[AVAILABLE DATA Boundary: Start]

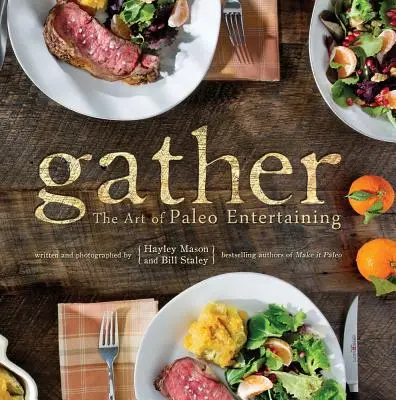 Zhromaždiť: Umenie paleo zábavy - Gather: The Art of Paleo Entertaining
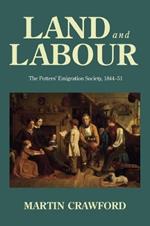 Land and Labour: The Potters’ Emigration Society, 1844-51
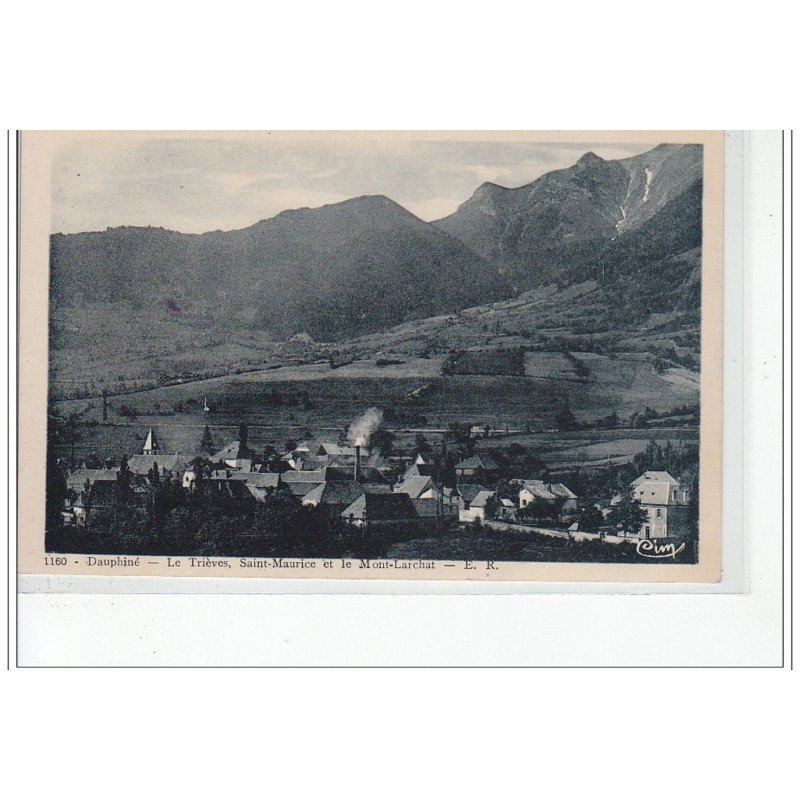 DAUPHINE - LE TRIEVES, SAINT MAURICE et le MONT LARCHAT - très bon état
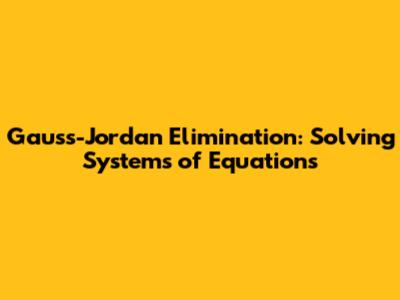 Gauss-Jordan Elimination: Solving Systems of Equations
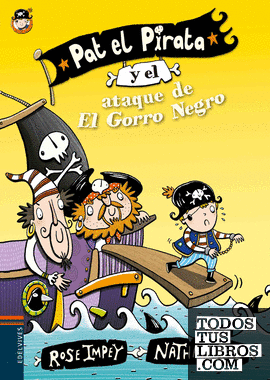 Pat el Pirata y el ataque de El Gorro Negro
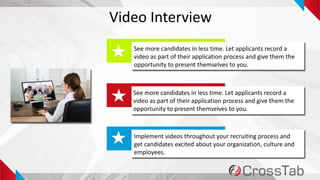 5
Video Interview
See more candidates in less time. Let applicants record a
video as part of their application process and give them the
opportunity to present themselves to you.
See more candidates in less time. Let applicants record a
video as part of their application process and give them the
opportunity to present themselves to you.
Implement videos throughout your recruiting process and
get candidates excited about your organization, culture and
employees.
 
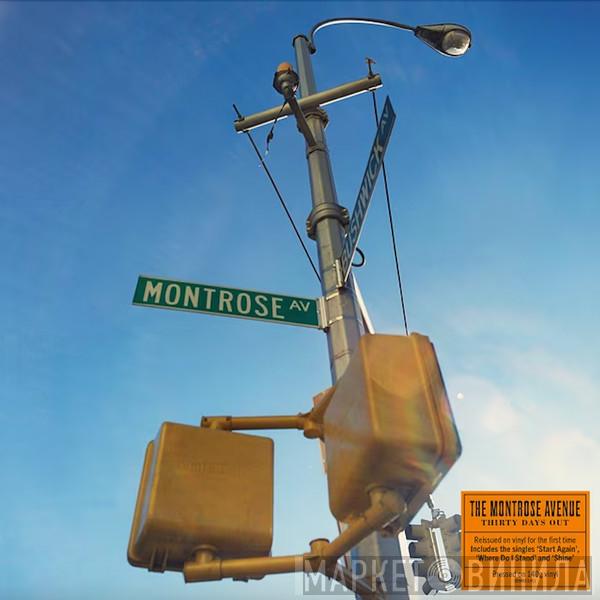 The Montrose Avenue - Thirty Days Out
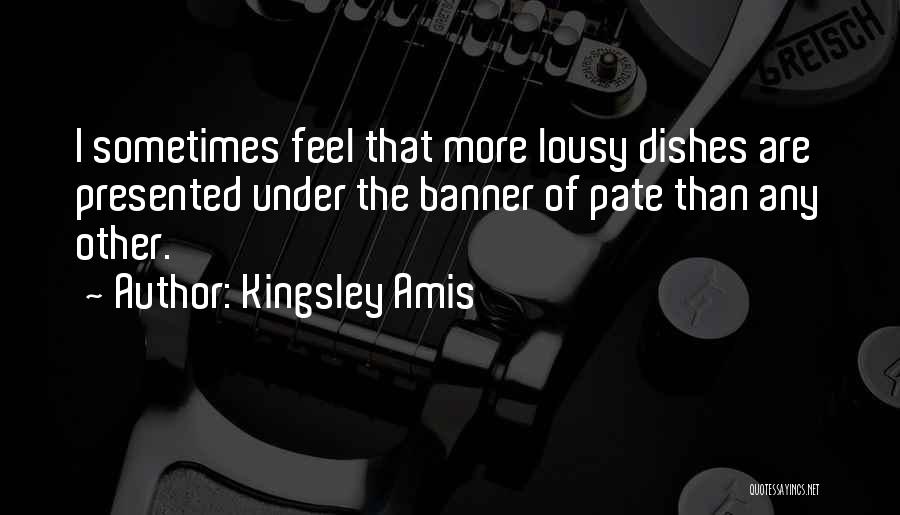 Kingsley Amis Quotes: I Sometimes Feel That More Lousy Dishes Are Presented Under The Banner Of Pate Than Any Other.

[AVAILABLE DATA Boundary: End]

All of the entries above need to be repeated exactly, minus the pictures.

 Zhromaždiť: Umenie paleo zábavy - Gather: The Art of Paleo Entertaining
 Land and Labour: The Potters’ Emigration Society, 1844-51
 DAUPHINE - LE TRIEVES, SAINT MAURICE et le MONT LARCHAT - très bon état
 Gauss-Jordan Elimination: Solving Systems of Equations
 Pat el Pirata y el ataque de El Gorro Negro
 5
Video Interview
See more candidates in less time. Let applicants record a
video as part of their application process and give them the
opportunity to present themselves to you.
See more candidates in less time. Let applicants record a
video as part of their application process and give them the
opportunity to present themselves to you.
Implement videos throughout your recruiting process and
get candidates excited about your organization, culture and
employees.
 
 The Montrose Avenue - Thirty Days Out
 Kingsley Amis Quotes: I Sometimes Feel That More Lousy Dishes Are Presented Under The Banner Of Pate Than Any Other.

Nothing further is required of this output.